(Dataset records)
********************

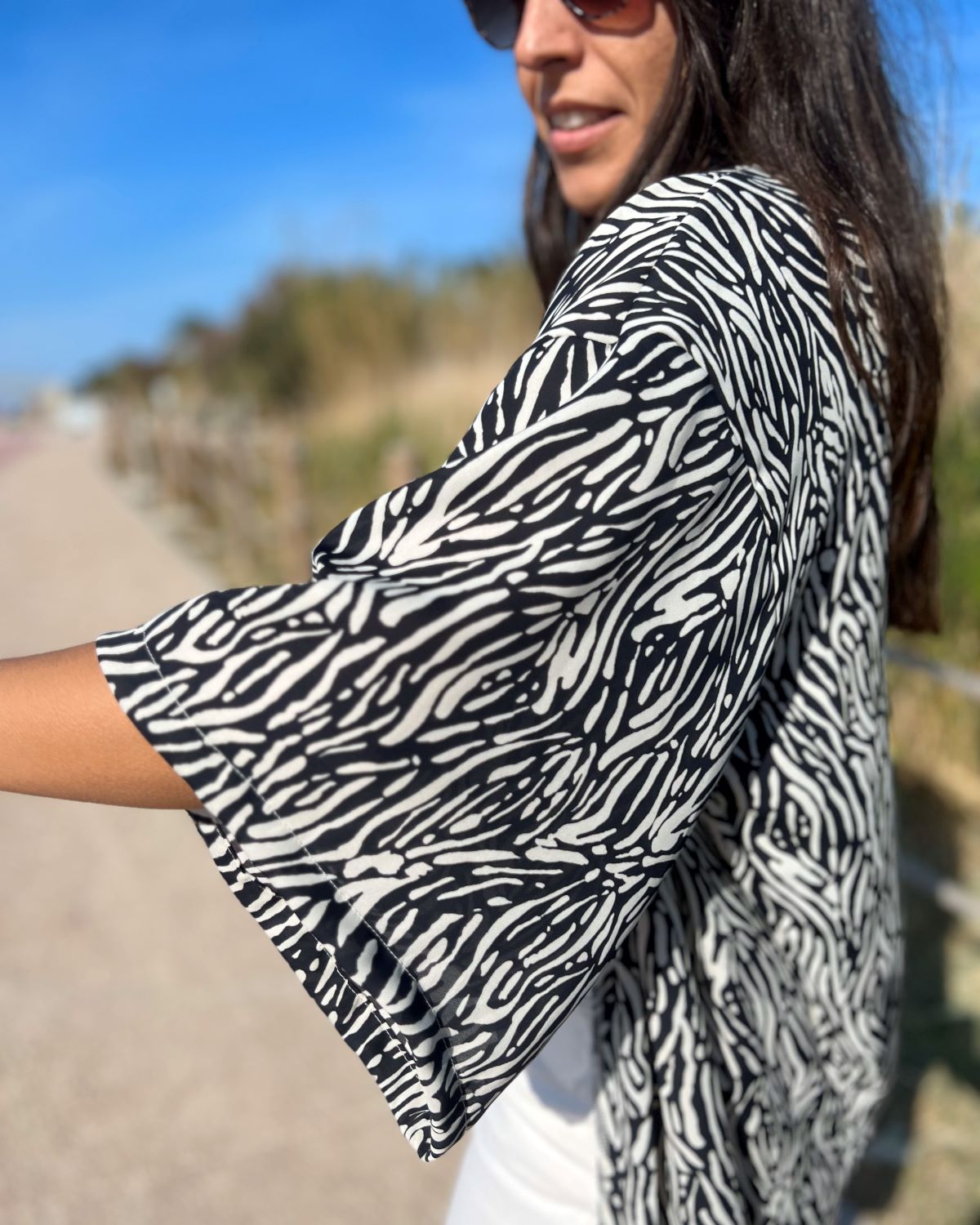 Foldable Gray Floral Kimono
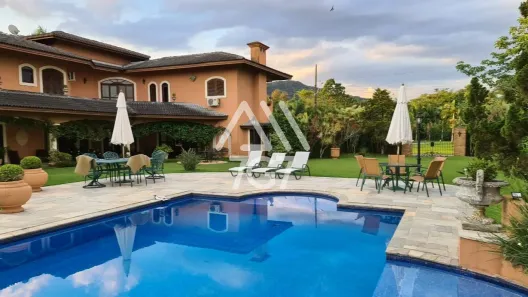 Casa de Condomínio com 5 Quartos à venda, 675m² no Jardim Acapulco, Guarujá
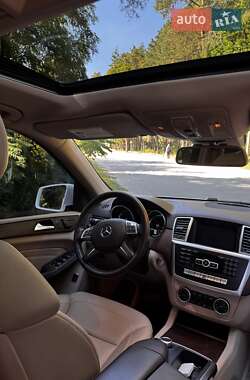 Внедорожник / Кроссовер Mercedes-Benz M-Class 2014 в 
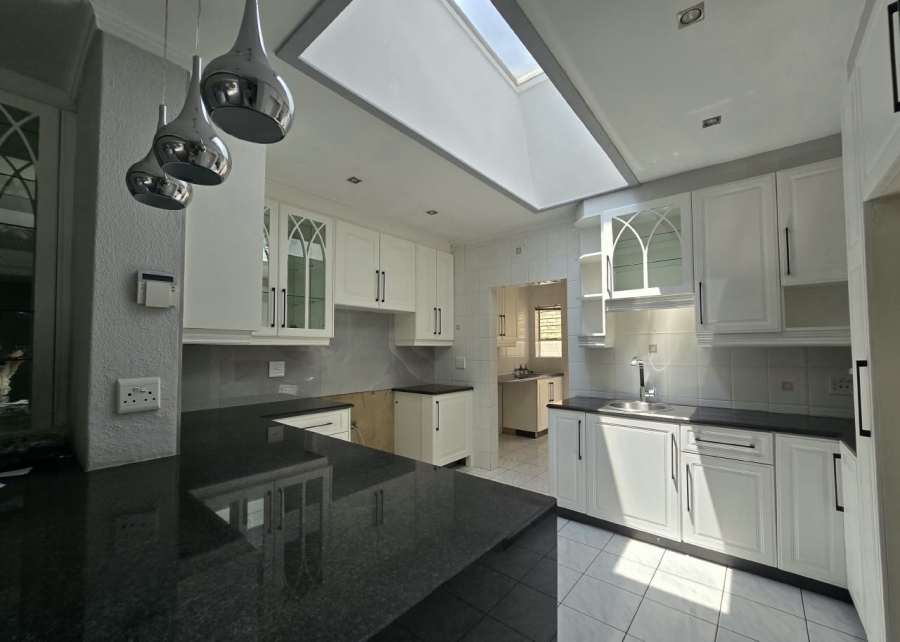 5 Bedroom Property for Sale in New Redruth Gauteng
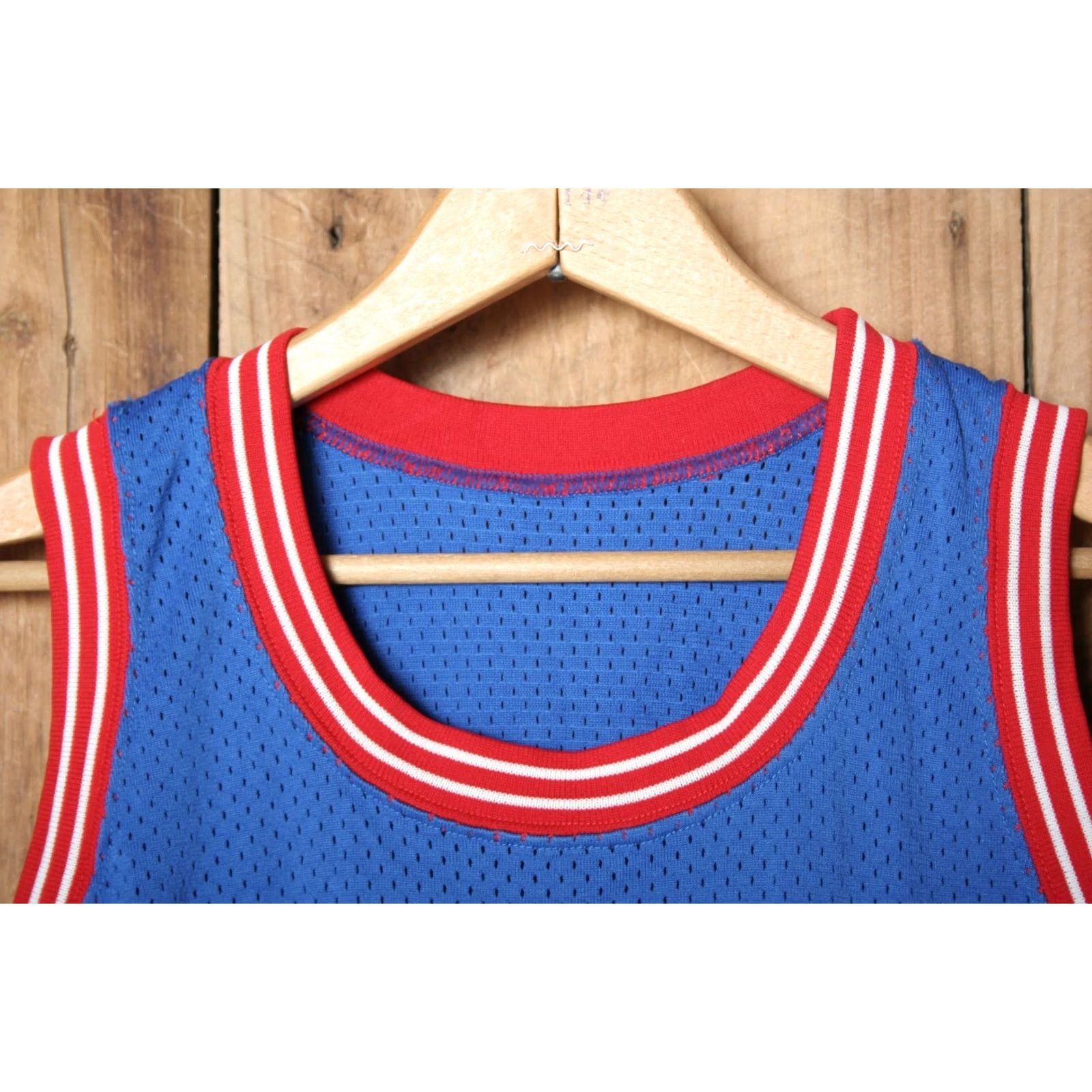 Vintage VINTAGE Medalist SAND-KNIT Blue Jays High School Basketball Jersey Tank Unisex Adults 36 XS Size 36 Blue Ladies? Size US M / EU 48-50 / 2 - 2 Thumbnail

********************

» **The problem**
From the first line to the last, repeat the records exactly. Leave out the pictures.

» **Result of this exercise**
 Foldable Gray Floral Kimono
 Casa de Condomínio com 5 Quartos à venda, 675m² no Jardim Acapulco, Guarujá
 Внедорожник / Кроссовер Mercedes-Benz M-Class 2014 в 
 5 Bedroom Property for Sale in New Redruth Gauteng
 Vintage VINTAGE Medalist SAND-KNIT Blue Jays High School Basketball Jersey Tank Unisex Adults 36 XS Size 36 Blue Ladies? Size US M / EU 48-50 / 2 - 2 Thumbnail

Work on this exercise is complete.